[Data under study — start]

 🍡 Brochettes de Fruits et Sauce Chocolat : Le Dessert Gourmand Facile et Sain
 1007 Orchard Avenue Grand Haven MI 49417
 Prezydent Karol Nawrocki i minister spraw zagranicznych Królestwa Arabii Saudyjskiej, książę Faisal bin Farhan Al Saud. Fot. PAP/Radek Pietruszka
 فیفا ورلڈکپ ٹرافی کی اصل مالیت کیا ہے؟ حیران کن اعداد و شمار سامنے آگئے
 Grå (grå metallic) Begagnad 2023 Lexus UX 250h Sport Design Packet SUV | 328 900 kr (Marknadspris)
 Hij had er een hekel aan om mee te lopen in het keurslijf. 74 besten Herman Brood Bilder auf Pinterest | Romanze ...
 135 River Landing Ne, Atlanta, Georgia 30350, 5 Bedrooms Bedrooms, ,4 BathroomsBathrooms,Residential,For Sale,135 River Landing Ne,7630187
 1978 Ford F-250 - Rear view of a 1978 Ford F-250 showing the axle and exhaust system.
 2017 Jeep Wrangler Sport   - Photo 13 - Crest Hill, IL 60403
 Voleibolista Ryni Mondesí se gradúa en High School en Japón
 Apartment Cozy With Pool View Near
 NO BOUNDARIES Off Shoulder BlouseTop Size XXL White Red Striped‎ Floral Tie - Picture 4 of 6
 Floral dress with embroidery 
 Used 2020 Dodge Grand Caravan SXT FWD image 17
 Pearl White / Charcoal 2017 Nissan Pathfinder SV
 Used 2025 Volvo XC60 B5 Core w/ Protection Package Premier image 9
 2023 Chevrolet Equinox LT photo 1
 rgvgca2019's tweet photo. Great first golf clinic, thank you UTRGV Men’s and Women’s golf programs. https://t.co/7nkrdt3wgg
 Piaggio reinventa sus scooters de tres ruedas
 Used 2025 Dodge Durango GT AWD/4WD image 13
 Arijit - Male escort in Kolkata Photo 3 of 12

[Data under study — finish]

▸ Exercise objective:
Type the records out again. Match them exactly.

▸ Written solution:
 🍡 Brochettes de Fruits et Sauce Chocolat : Le Dessert Gourmand Facile et Sain
 1007 Orchard Avenue Grand Haven MI 49417
 Prezydent Karol Nawrocki i minister spraw zagranicznych Królestwa Arabii Saudyjskiej, książę Faisal bin Farhan Al Saud. Fot. PAP/Radek Pietruszka
 فیفا ورلڈکپ ٹرافی کی اصل مالیت کیا ہے؟ حیران کن اعداد و شمار سامنے آگئے
 Grå (grå metallic) Begagnad 2023 Lexus UX 250h Sport Design Packet SUV | 328 900 kr (Marknadspris)
 Hij had er een hekel aan om mee te lopen in het keurslijf. 74 besten Herman Brood Bilder auf Pinterest | Romanze ...
 135 River Landing Ne, Atlanta, Georgia 30350, 5 Bedrooms Bedrooms, ,4 BathroomsBathrooms,Residential,For Sale,135 River Landing Ne,7630187
 1978 Ford F-250 - Rear view of a 1978 Ford F-250 showing the axle and exhaust system.
 2017 Jeep Wrangler Sport   - Photo 13 - Crest Hill, IL 60403
 Voleibolista Ryni Mondesí se gradúa en High School en Japón
 Apartment Cozy With Pool View Near
 NO BOUNDARIES Off Shoulder BlouseTop Size XXL White Red Striped‎ Floral Tie - Picture 4 of 6
 Floral dress with embroidery 
 Used 2020 Dodge Grand Caravan SXT FWD image 17
 Pearl White / Charcoal 2017 Nissan Pathfinder SV
 Used 2025 Volvo XC60 B5 Core w/ Protection Package Premier image 9
 2023 Chevrolet Equinox LT photo 1
 rgvgca2019's tweet photo. Great first golf clinic, thank you UTRGV Men’s and Women’s golf programs. https://t.co/7nkrdt3wgg
 Piaggio reinventa sus scooters de tres ruedas
 Used 2025 Dodge Durango GT AWD/4WD image 13
 Arijit - Male escort in Kolkata Photo 3 of 12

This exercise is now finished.